In the second volume of the Dublin Medical Press, Dr. Brunker of Dundalk, has related a somewhat similar case. The patient, aged 32, was admitted into the Louth Infirmary in August, 1839. His occupation had been very laborious and the aneurism had been first observed fifteen months previously. "On examining the ham, the entire space was observed to be completely filled up by a pulsating tumour, beating synchronously with the heart, soft and compressible, but becoming distended on the removal of the pressure. Pressure being made on the femoral artery in the groin, the pulsation instantly ceased, and the size of the tumour was sensibly diminished. He was ordered to remain in bed, and was placed on low diet.

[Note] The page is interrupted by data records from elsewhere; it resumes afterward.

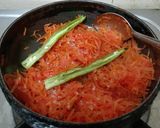 A picture of step 3 of Easy Carrot Toss (chamko).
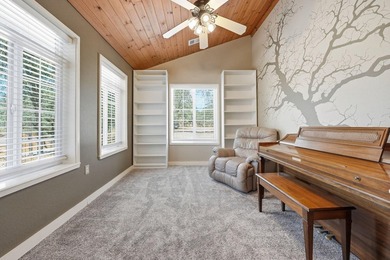 Bright beautiful custom home on 9 acres with gated driveway - photo 11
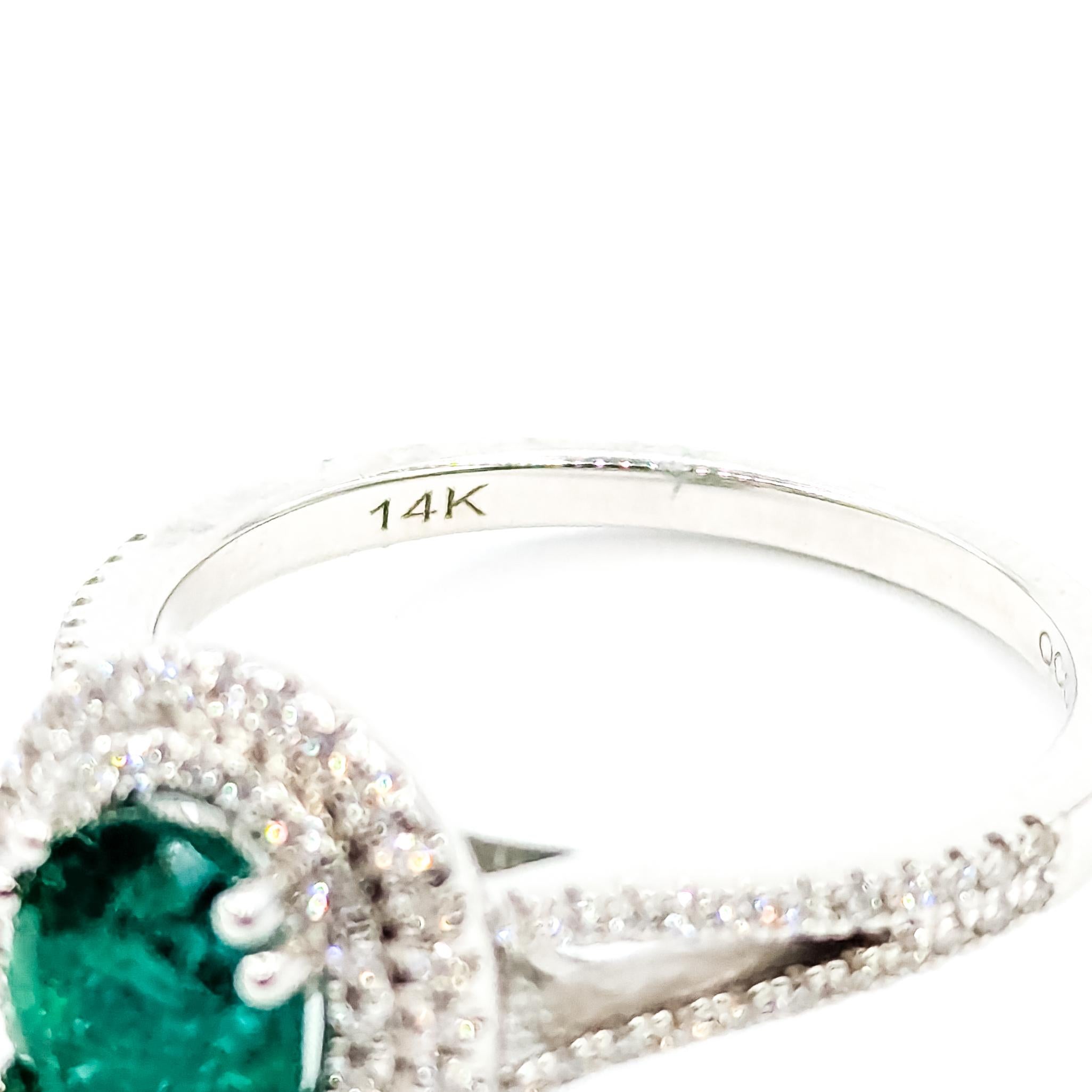 Double Halo Emerald & Diamond Ring in 14k en venta 4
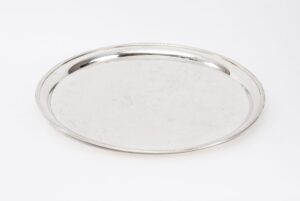 BANDEJA GARÇOM PRATA TRABALHADA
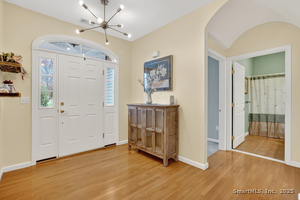 Homes for sale in Suffield, CT | 3 Green Briar Dr #3, Suffield, CT 06078 | MLS# 24140280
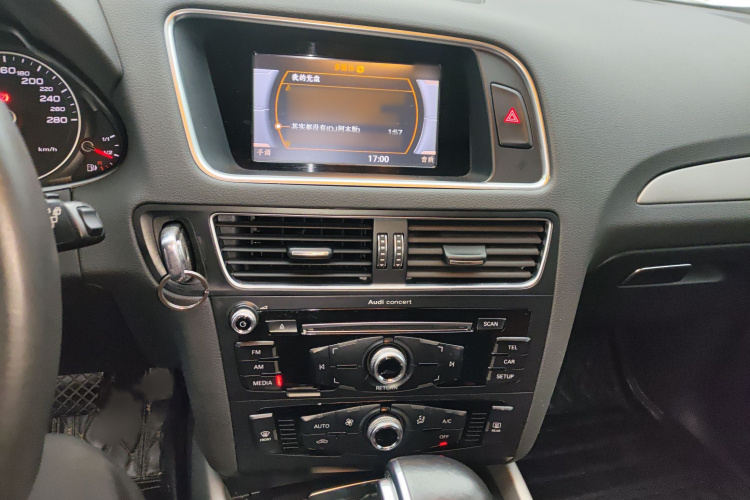 奥迪Q5 2016款 40 TFSI 进取型局部细节16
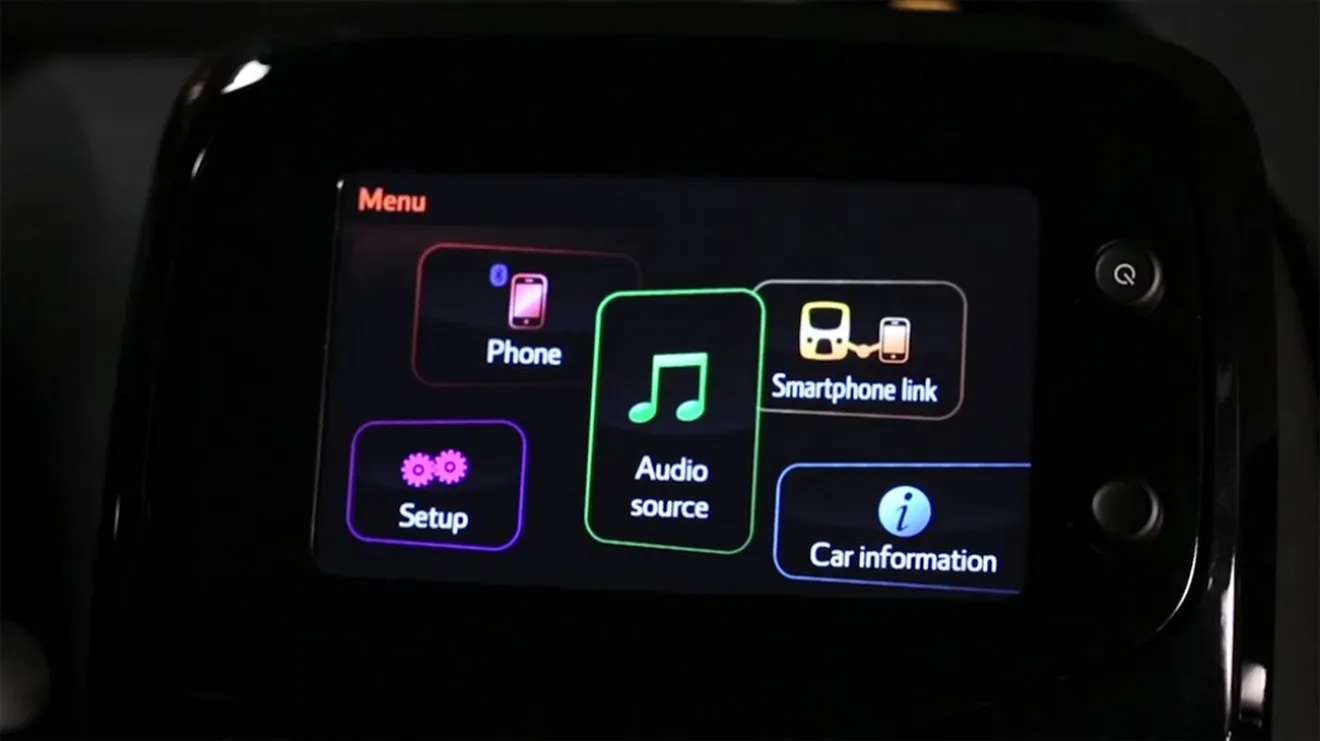 Así es el sistema x-touch del nuevo Toyota Aygo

"Two days after admission, a piece of dry sponge was placed over the aneurism, and retained in situ by a roller rather loosely applied." Five days subsequently, on the removal of the bandage and compress, the tumour was much diminished in size, and no pulsation whatever could be detected in it. The pressure was continued, and the patient was directed to remain in the recumbent posture. He left the infirmary a few days afterwards. He was seen about a fortnight subsequently, and the bandage and compress had been continued, and he had remained quiet." On removing them (Dr. Brunker observes) I could scarcely discover any traces of the former tumour, and no pulsation whatever was to be felt. A very obscure pulsation was to be felt in the anterior tibial artery, which could not before be discovered on a very careful examination.'

It appears to me that the cause of the cessation of pulsation in the cases of aneurism which have been detailed, and in other similar ones, instead of being obscure, is easily explicable upon the principles laid down in the preceding pages; aud that their history tends still further to corroborate what I have already said respecting the mode in which compression effects the cure of aneurism.

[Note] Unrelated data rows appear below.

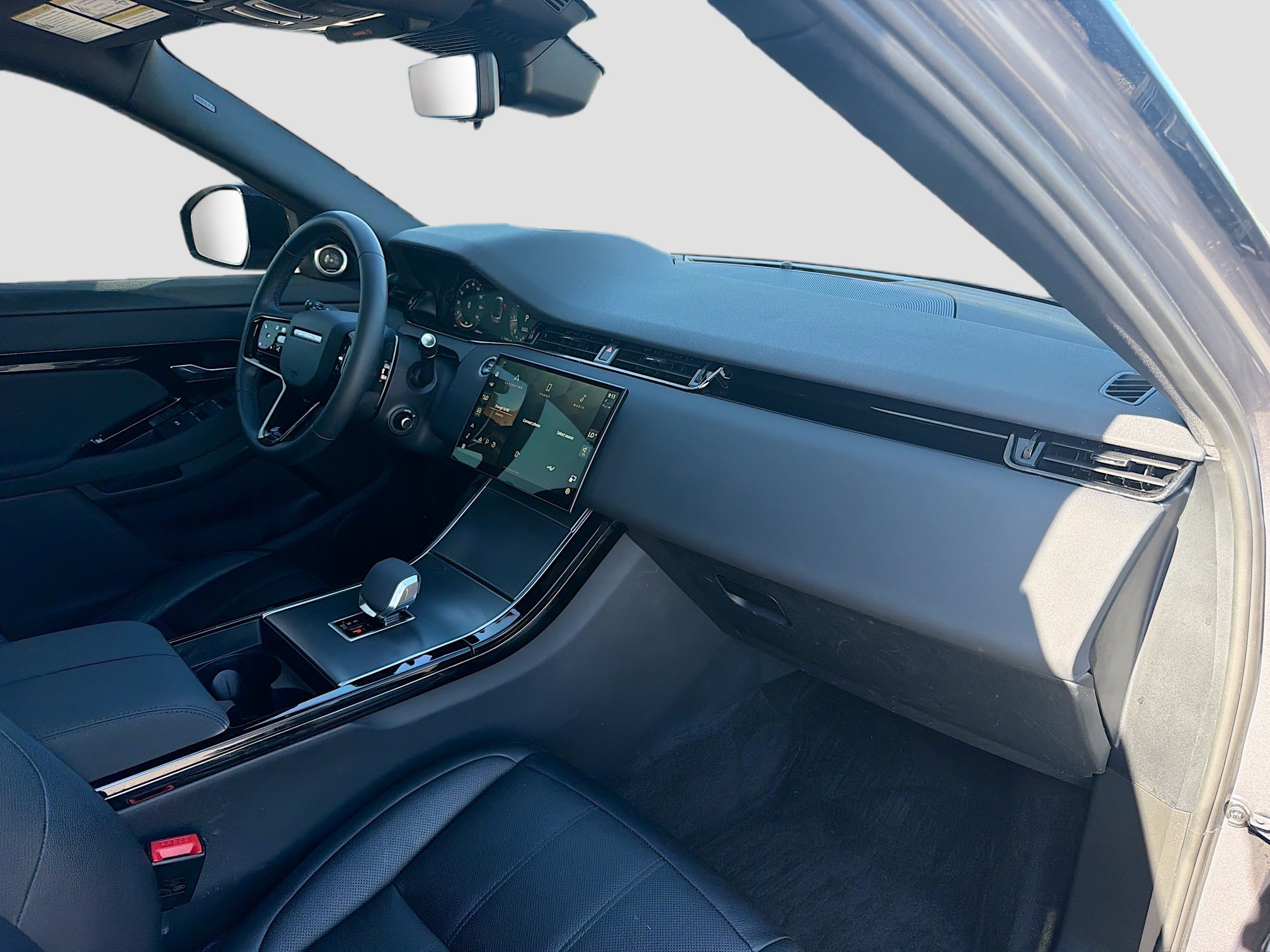 Used 2024 Land Rover Range Rover Evoque Dynamic SE AWD/4WD image 14
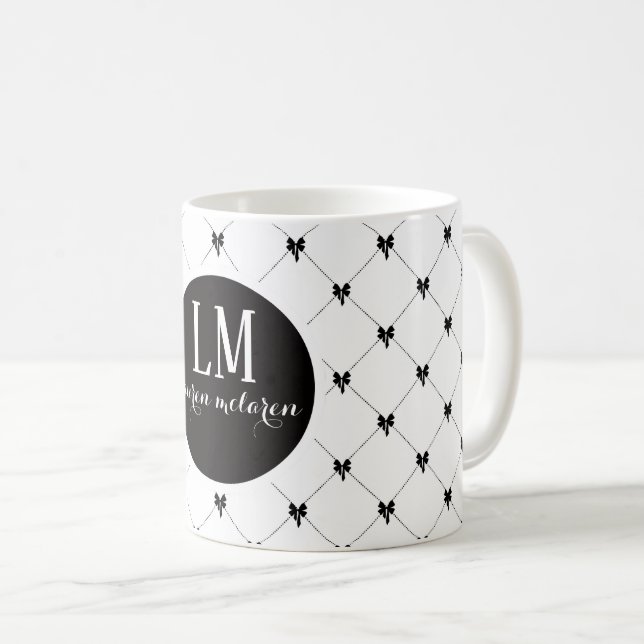 Monogram White & Black Bow Script Kaffeetasse (VorderseiteRechts)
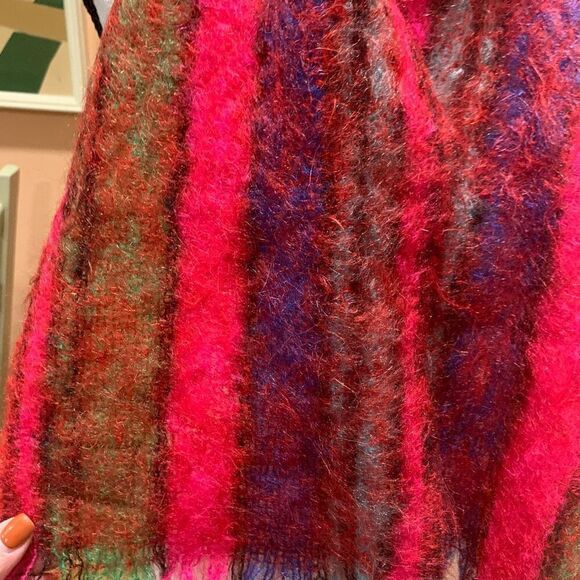 Vintage Wool Mohair/Wool Scarf, Scotland-Made Fringe Red Green Unisex 8”x44” - Picture 5 of 5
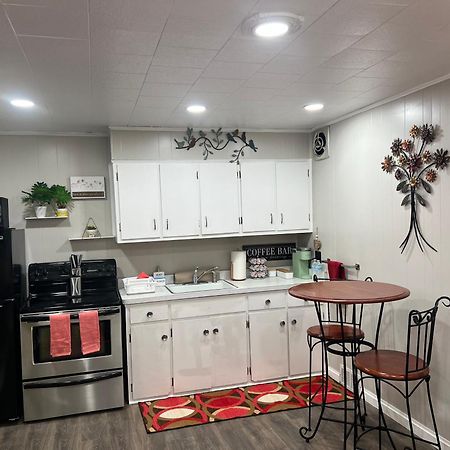 Lackawanna Cozy Buffalo Home-Sleeps 4 מראה חיצוני תמונה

Thus, in every case that has been reported, the disease was of long standing, and the tumour had attained a considerable size. In the majority of cases, likewise, it was hard and solid, and did not diminish in size when the artery above was compressed; proving that a deposit of fibrine had already taken place in the sac, and that nature had already made some progress in the process by which the cure

was ultimately to be accomplished. In fact, the condition of the parts was similar, in almost every respect, to that which we endeavour to bring about by the application of pressure; and which when it occurs, is the most satisfactory proof that the case is progressing towards a cure. In the third case which I have quoted, the tumour, though of long standing, is reported to have been "soft and compressible;" but it will be observed that pressure was maintained for five days before the aneurism ceased to pulsate, evidently a sufficient length of time for a deposit of fibrine to take place. Indeed in some of the cases of aneurism treated by compression, previously given, the pulsation ceased within a shorter period.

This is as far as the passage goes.